[REQUIRED ACTION]:
From the first line to the last, restate the data exactly, leaving out the images.

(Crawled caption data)
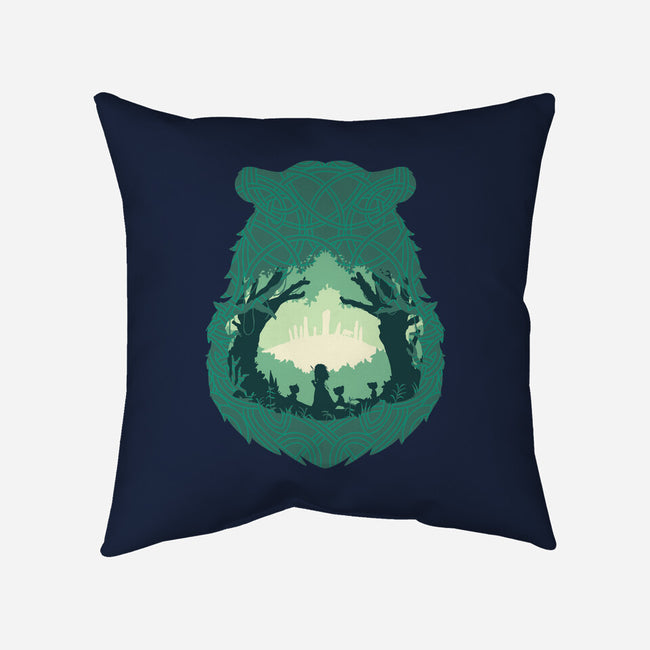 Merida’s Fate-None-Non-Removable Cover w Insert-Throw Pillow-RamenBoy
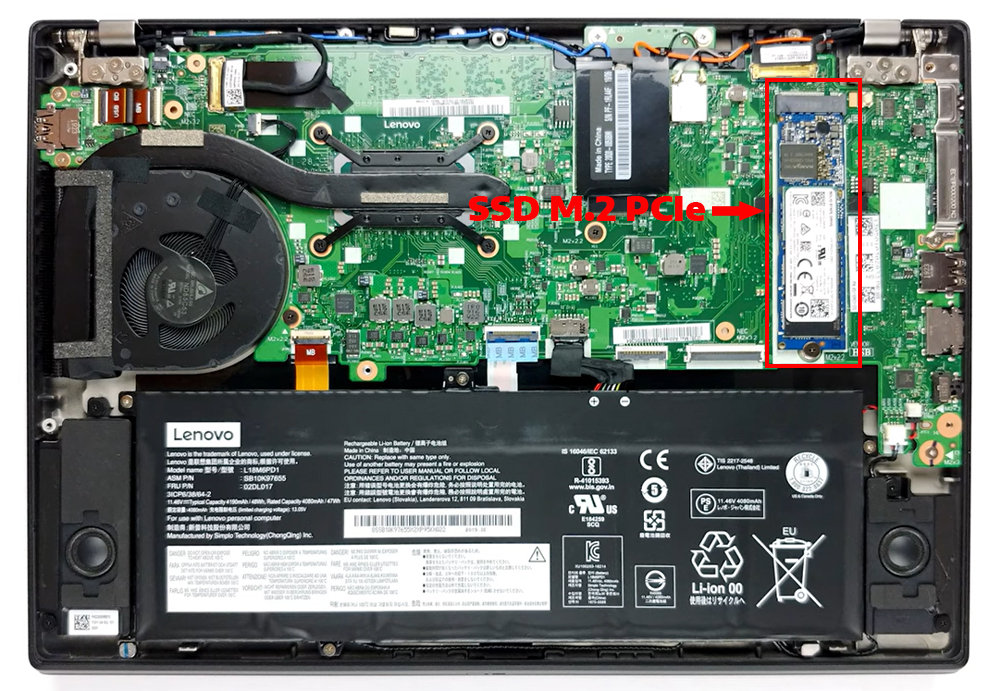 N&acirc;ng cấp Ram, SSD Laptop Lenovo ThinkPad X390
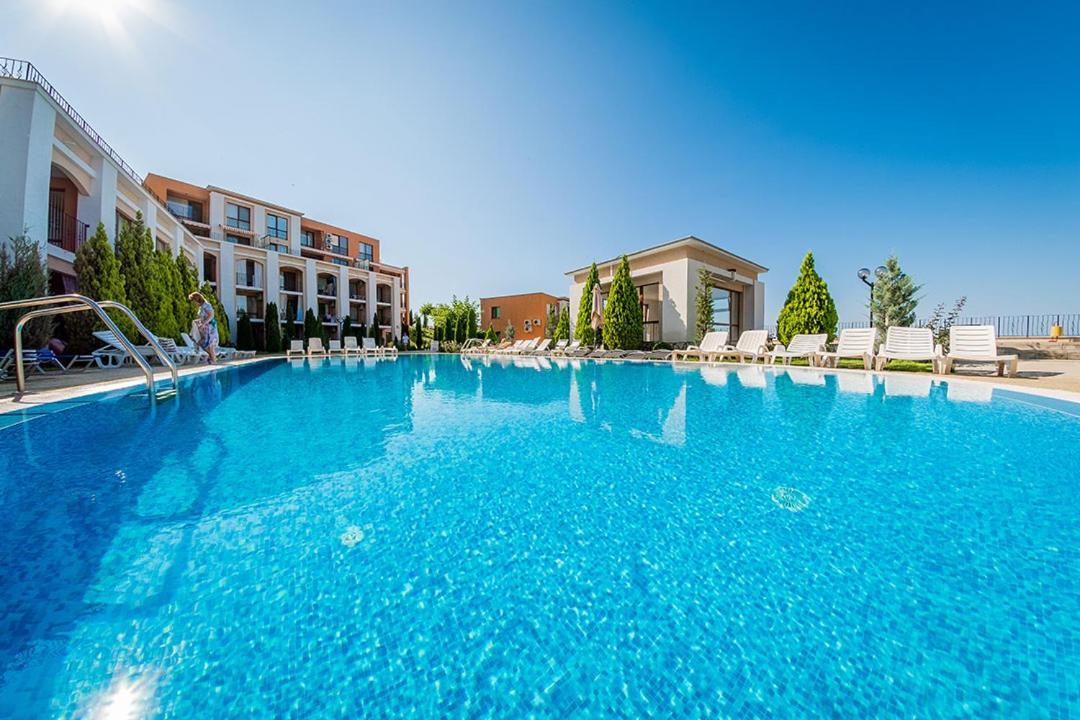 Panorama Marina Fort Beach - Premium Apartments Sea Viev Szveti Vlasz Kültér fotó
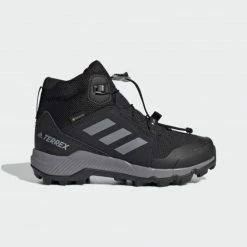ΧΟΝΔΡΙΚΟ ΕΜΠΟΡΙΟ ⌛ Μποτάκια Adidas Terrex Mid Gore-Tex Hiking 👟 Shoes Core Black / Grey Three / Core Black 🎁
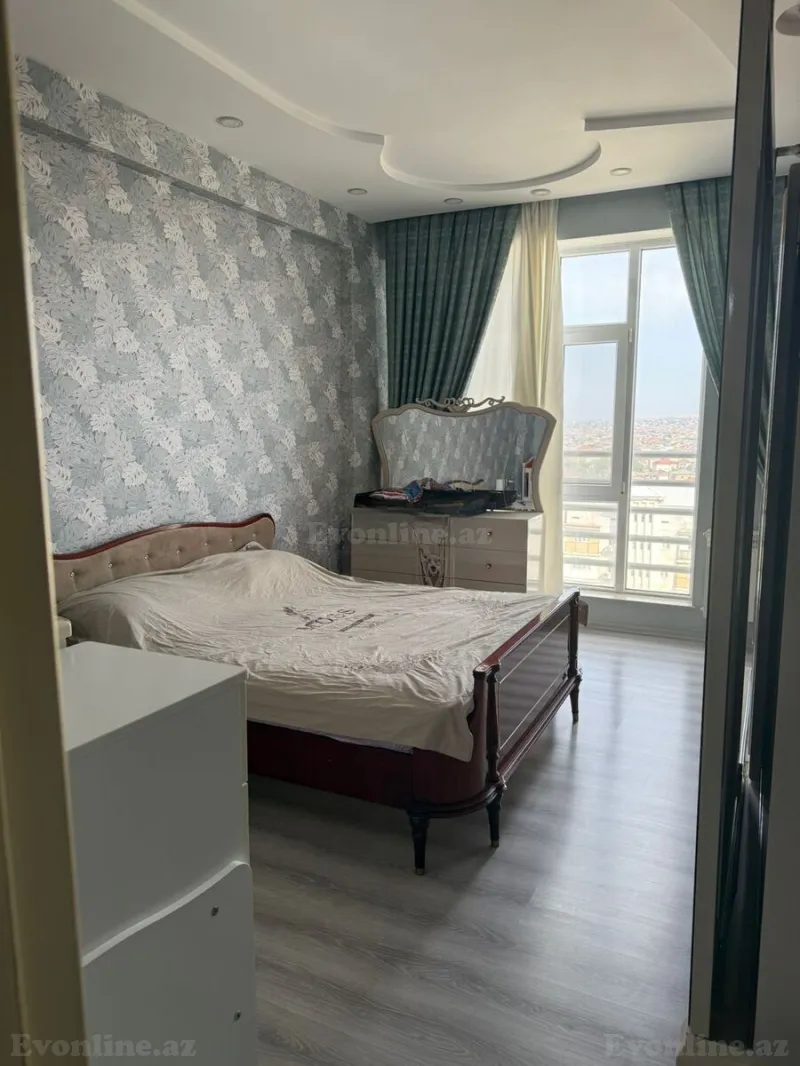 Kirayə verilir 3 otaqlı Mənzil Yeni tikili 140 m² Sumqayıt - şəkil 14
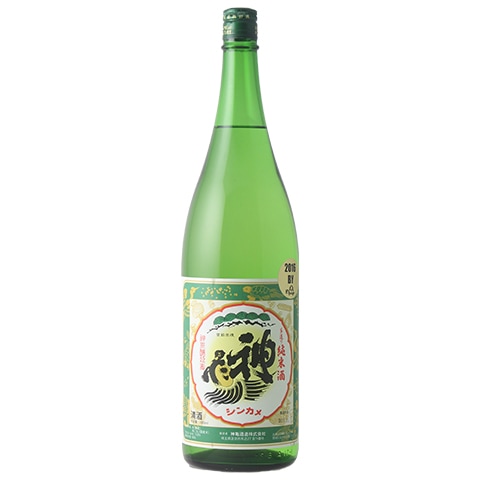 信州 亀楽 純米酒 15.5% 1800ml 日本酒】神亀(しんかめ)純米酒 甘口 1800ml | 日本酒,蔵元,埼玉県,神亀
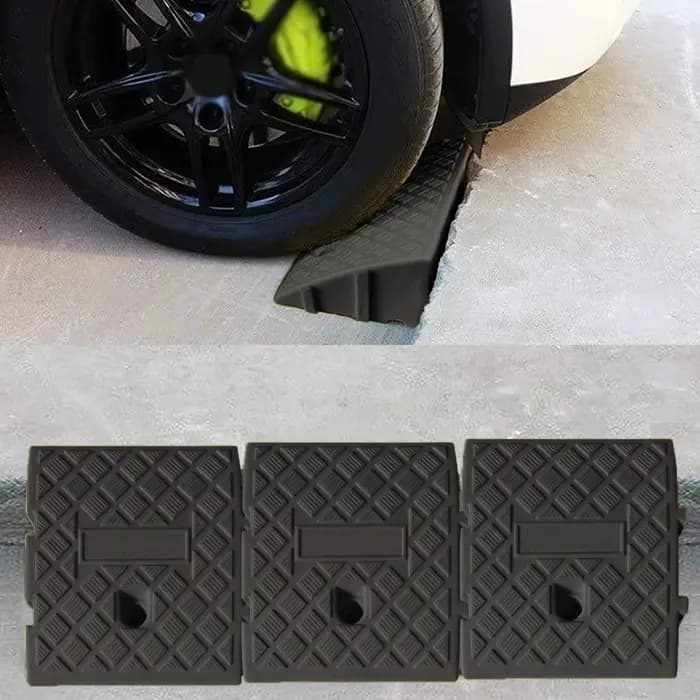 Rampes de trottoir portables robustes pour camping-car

[OUTPUT]:
 Merida’s Fate-None-Non-Removable Cover w Insert-Throw Pillow-RamenBoy
 N&acirc;ng cấp Ram, SSD Laptop Lenovo ThinkPad X390
 Panorama Marina Fort Beach - Premium Apartments Sea Viev Szveti Vlasz Kültér fotó
ΧΟΝΔΡΙΚΟ ΕΜΠΟΡΙΟ ⌛ Μποτάκια Adidas Terrex Mid Gore-Tex Hiking 👟 Shoes Core Black / Grey Three / Core Black 🎁
 Kirayə verilir 3 otaqlı Mənzil Yeni tikili 140 m² Sumqayıt - şəkil 14
 信州 亀楽 純米酒 15.5% 1800ml 日本酒】神亀(しんかめ)純米酒 甘口 1800ml | 日本酒,蔵元,埼玉県,神亀
 Rampes de trottoir portables robustes pour camping-car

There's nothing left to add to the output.